What the exercise asks: Copy each of the entries below faithfully, setting aside any pictures.

----------------------------------------

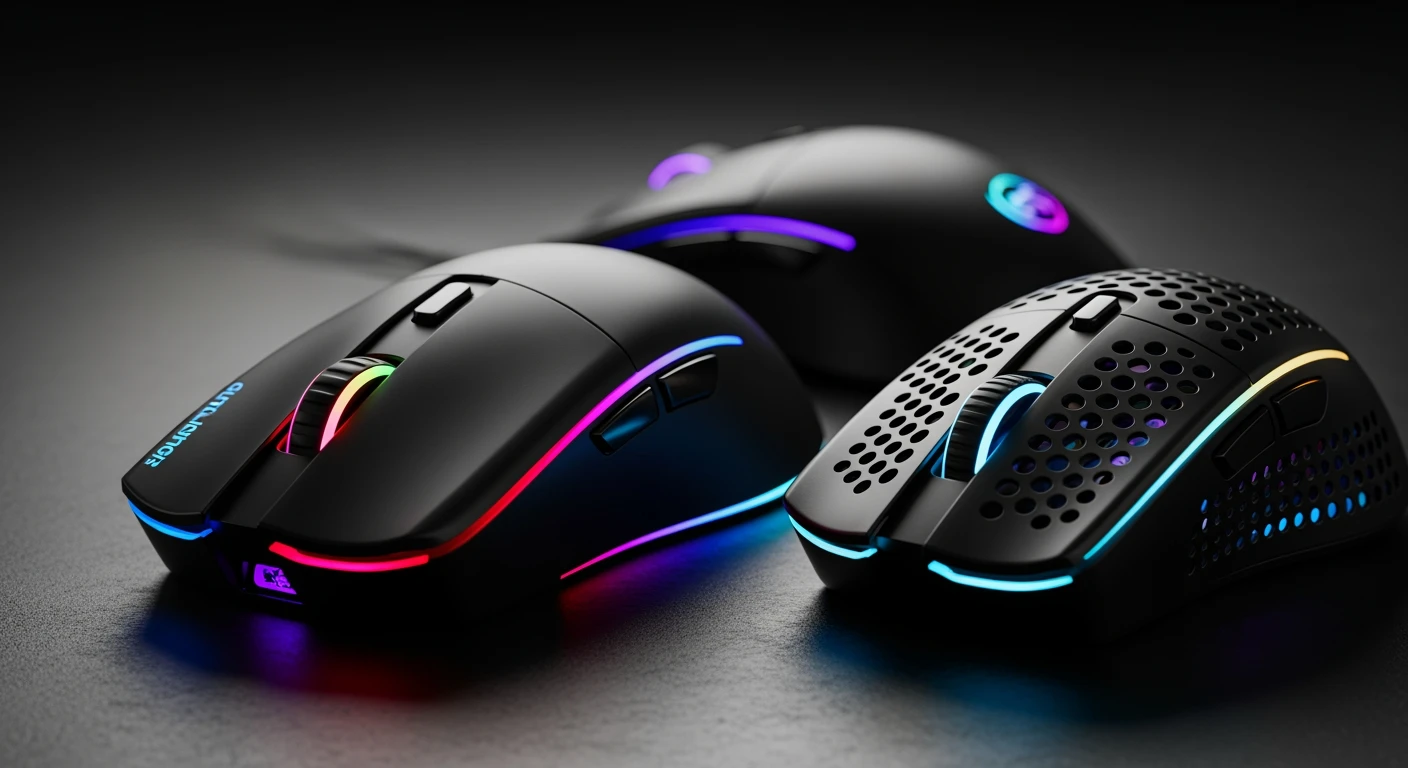 Gaming muis: Trust GXT & Logitech modellen in close-up. Mooie gaming muizen.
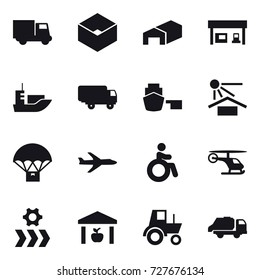 16 vector icon set : truck, box, warehouse, gas station, plane, invalid, tractor, trash truck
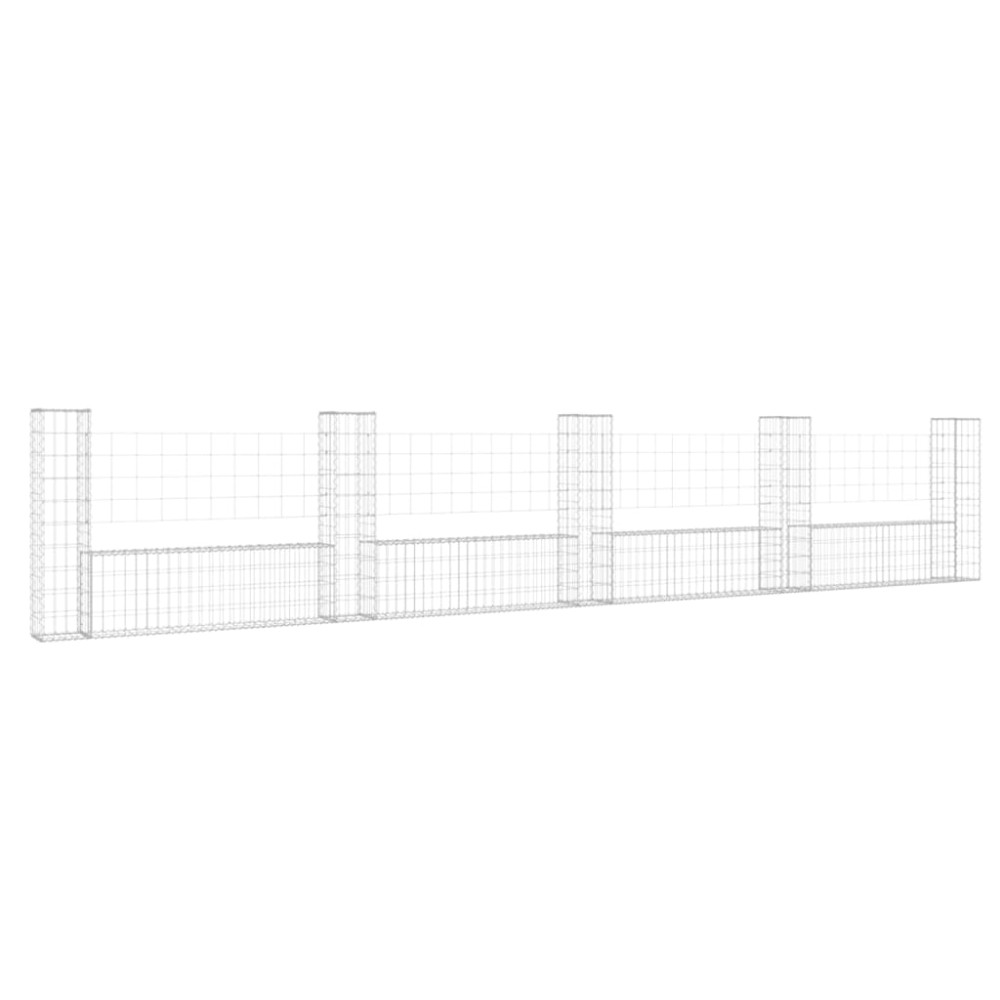 vidaXL Coș de gabion în formă de U cu 5 stâlpi, 500x20x100 cm, fier
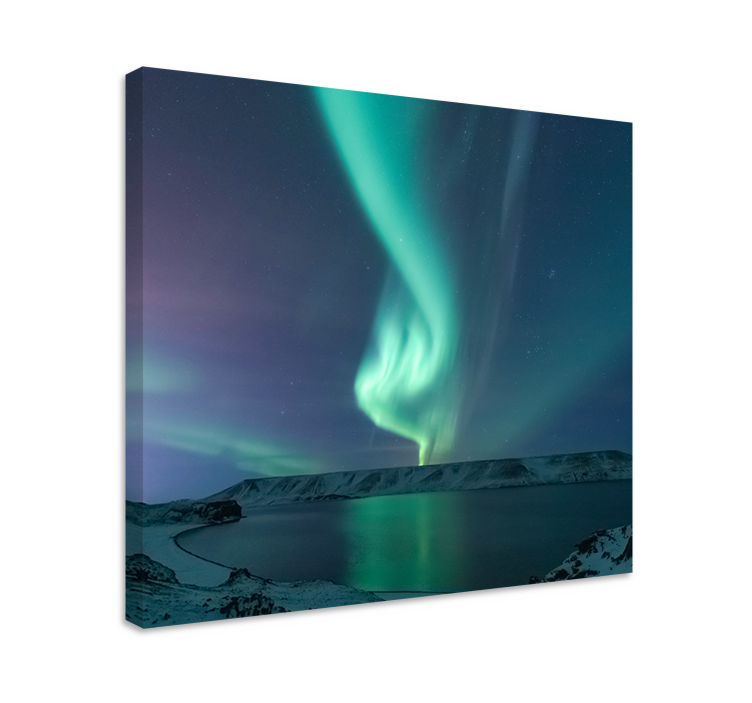 Cuadro paisajes Increíble aurora boreal sobre la isla - TenVinilo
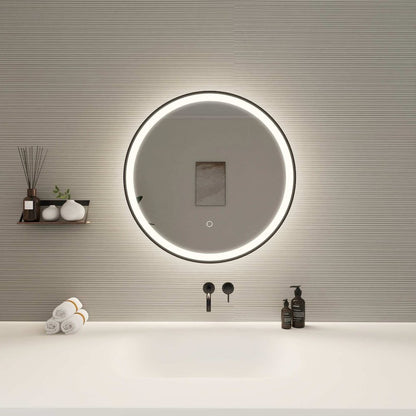 24 Round LED Front and Backlit Wall Mirror in Black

----------------------------------------

Response:
 Gaming muis: Trust GXT & Logitech modellen in close-up. Mooie gaming muizen.
 16 vector icon set : truck, box, warehouse, gas station, plane, invalid, tractor, trash truck
 vidaXL Coș de gabion în formă de U cu 5 stâlpi, 500x20x100 cm, fier
 Cuadro paisajes Increíble aurora boreal sobre la isla - TenVinilo
 24 Round LED Front and Backlit Wall Mirror in Black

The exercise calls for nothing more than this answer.